[Opening Data for the task section]

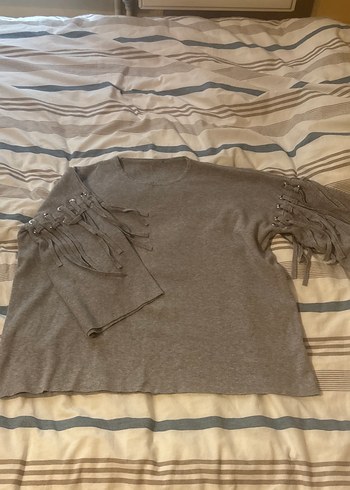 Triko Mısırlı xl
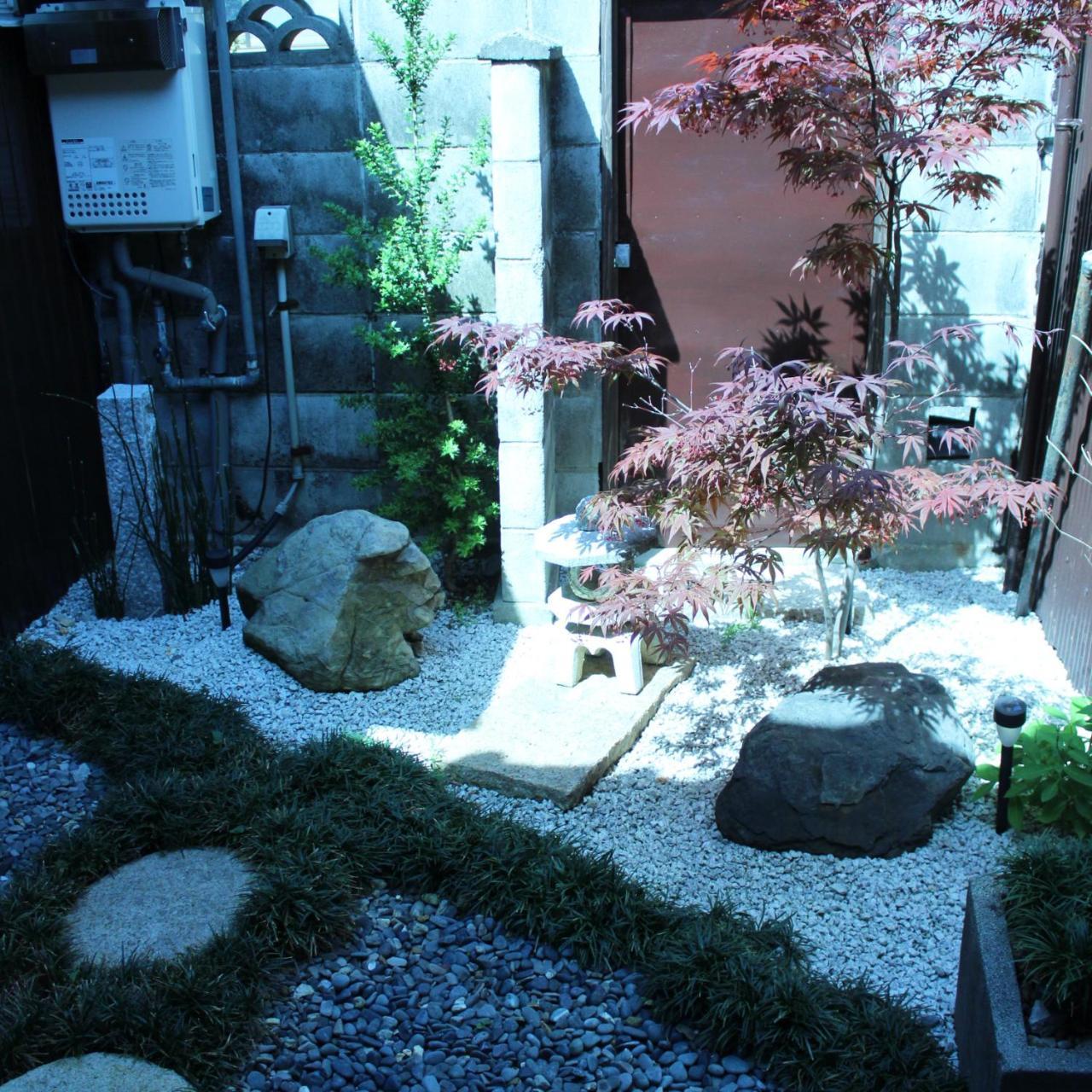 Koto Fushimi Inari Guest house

[Closing Data for the task section]
[Opening Data for the task section]

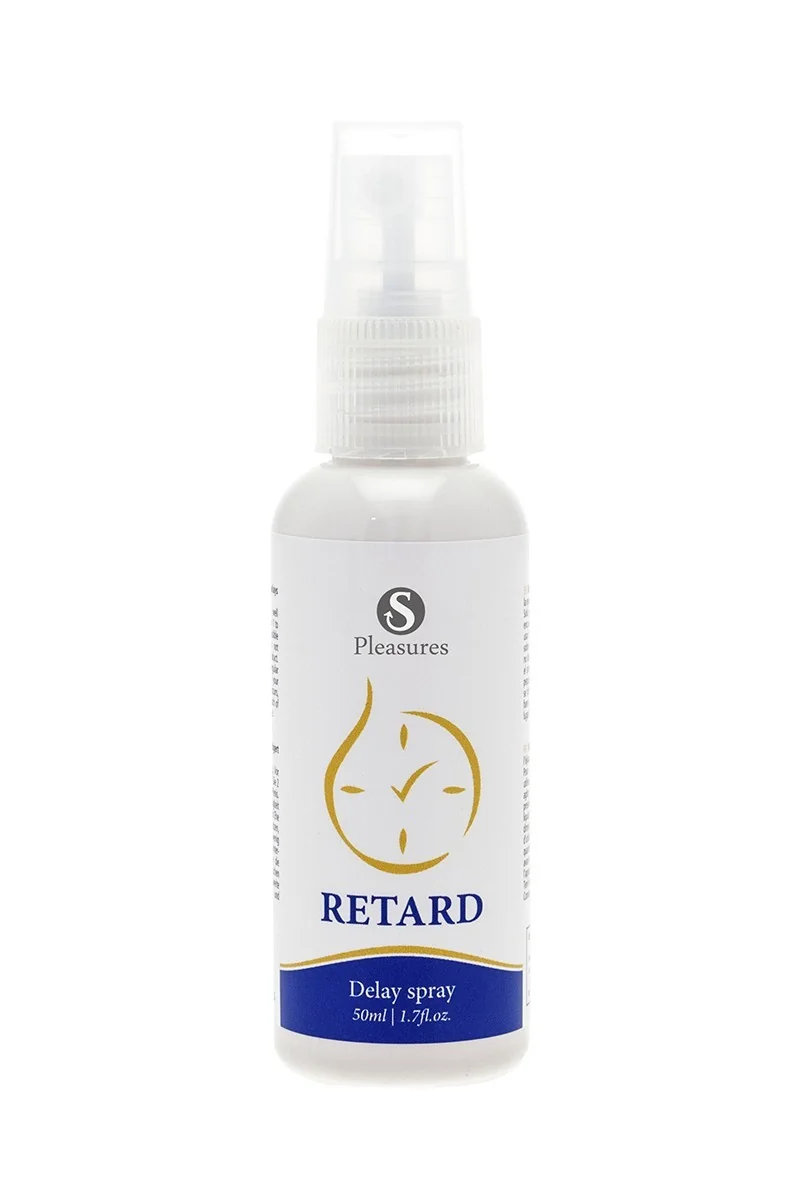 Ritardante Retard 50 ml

[Closing Data for the task section]

Task to complete - From the records above, copy only the lines running from the line containing "Triko Mısırlı xl" to the line containing "Koto Fushimi Inari Guest house", both ends included. Leave the pictures out.

Solved exercise -
 Triko Mısırlı xl
 Koto Fushimi Inari Guest house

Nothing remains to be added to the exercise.